### TASK PROMPT
Exactly the lines from the start of the data below through the line that contains "Single Din 9" are to be copied, with pictures left out.
AVAILABLE DATA Start Marker
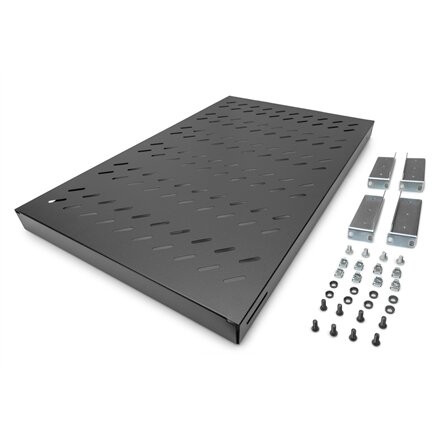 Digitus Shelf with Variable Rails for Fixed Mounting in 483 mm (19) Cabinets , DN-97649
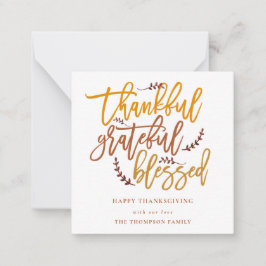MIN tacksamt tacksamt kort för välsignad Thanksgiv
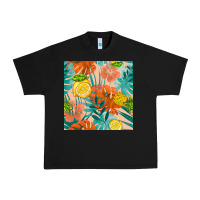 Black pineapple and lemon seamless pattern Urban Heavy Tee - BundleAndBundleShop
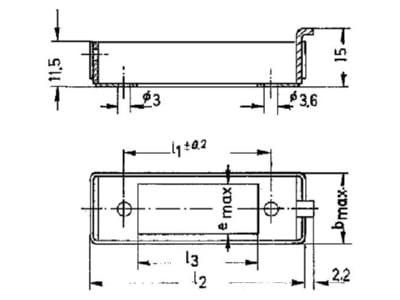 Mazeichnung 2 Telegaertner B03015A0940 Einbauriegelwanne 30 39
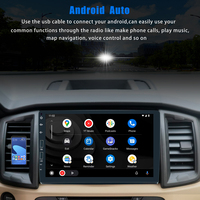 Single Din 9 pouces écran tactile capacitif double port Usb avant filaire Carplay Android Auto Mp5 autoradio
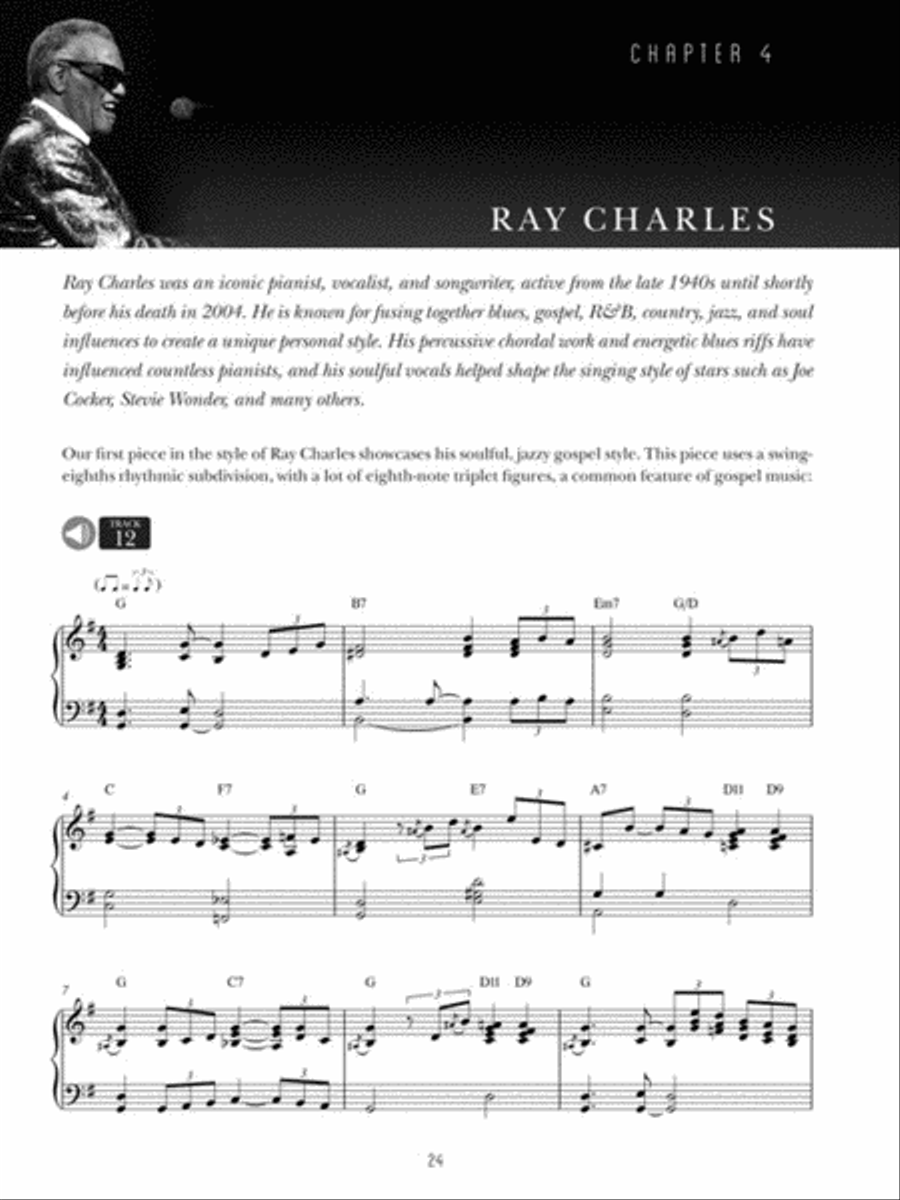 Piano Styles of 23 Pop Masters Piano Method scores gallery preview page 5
AVAILABLE DATA End Marker
### OUTPUT
 Digitus Shelf with Variable Rails for Fixed Mounting in 483 mm (19) Cabinets , DN-97649
MIN tacksamt tacksamt kort för välsignad Thanksgiv
 Black pineapple and lemon seamless pattern Urban Heavy Tee - BundleAndBundleShop
 Mazeichnung 2 Telegaertner B03015A0940 Einbauriegelwanne 30 39
 Single Din 9 pouces écran tactile capacitif double port Usb avant filaire Carplay Android Auto Mp5 autoradio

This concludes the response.